But, at the same time, low interest rate may mean that lenders may not be very keen on giving out loans. For example, people would find no use in keeping cash into bank accounts which provide low interest rates. This may drive down lending, and hence investment.
This is not entirely true. Bank profitability and willingness to lend depend on intermediation margin. Difference between the deposit or Fed funds interest rate and interest on loans they make.
For example a bank would be much happier to lend at 3% interest rate when federal funds rate or deposit rate is 0% than it would be happy to lend when interest rate is 20% but federal funds rate or deposit rate is 19.5% as they earn more profit at the lower rate with higher intermediation margin.
What low interest does is to discourage supply of saving, although even here the decision depends more on real interest rate than nominal one. Nonetheless, banks could always just get their funds from Fed, so unless Fed decides not to provide ample reserves they could in principle go on lending as much as they want.
If so, why is low n.i.r. considered good for economic growth?

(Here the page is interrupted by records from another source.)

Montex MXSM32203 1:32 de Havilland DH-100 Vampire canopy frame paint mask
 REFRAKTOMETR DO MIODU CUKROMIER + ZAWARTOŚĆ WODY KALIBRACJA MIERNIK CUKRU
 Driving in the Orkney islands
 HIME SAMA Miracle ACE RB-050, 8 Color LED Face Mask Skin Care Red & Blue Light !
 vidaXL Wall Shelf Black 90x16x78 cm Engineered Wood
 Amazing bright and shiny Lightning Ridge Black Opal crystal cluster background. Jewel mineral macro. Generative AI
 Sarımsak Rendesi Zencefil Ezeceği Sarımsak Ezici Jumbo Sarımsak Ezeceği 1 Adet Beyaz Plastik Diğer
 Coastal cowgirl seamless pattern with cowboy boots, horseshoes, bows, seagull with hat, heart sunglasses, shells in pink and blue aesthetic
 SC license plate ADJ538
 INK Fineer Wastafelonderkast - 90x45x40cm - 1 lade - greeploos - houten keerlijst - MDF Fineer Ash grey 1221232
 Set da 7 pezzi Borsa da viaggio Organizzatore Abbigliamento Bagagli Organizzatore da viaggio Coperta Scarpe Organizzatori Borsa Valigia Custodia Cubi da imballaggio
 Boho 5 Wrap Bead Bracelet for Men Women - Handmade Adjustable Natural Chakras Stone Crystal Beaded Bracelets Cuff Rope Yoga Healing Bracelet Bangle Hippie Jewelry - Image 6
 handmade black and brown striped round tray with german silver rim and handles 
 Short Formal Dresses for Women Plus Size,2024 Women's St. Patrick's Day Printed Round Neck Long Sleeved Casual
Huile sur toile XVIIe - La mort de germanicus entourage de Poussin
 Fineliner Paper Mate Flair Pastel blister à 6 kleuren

It can actually be considered bad for the growth, but it is because of their effect on market concentration and firm productivity not because of any limits on loans. For example, Liu et al 2022 show that:
a decline in the long-term interest rate can trigger a stronger investment response by market leaders relative to market followers, thereby leading to more concentrated markets, higher profits, and lower aggregate productivity growth. This strategic effect of lower interest rates on market concentration implies that aggregate productivity growth declines as the interest rate approaches zero.
Moreover, Bikker & Vervliet (2017) argue low interest rates promote excessive risk taking which is clearly bad for macroeconomic stability.
Low interest rates can stimulate economic activity in short run, but long run economic growth depends on how fast productivity of different factors is growing.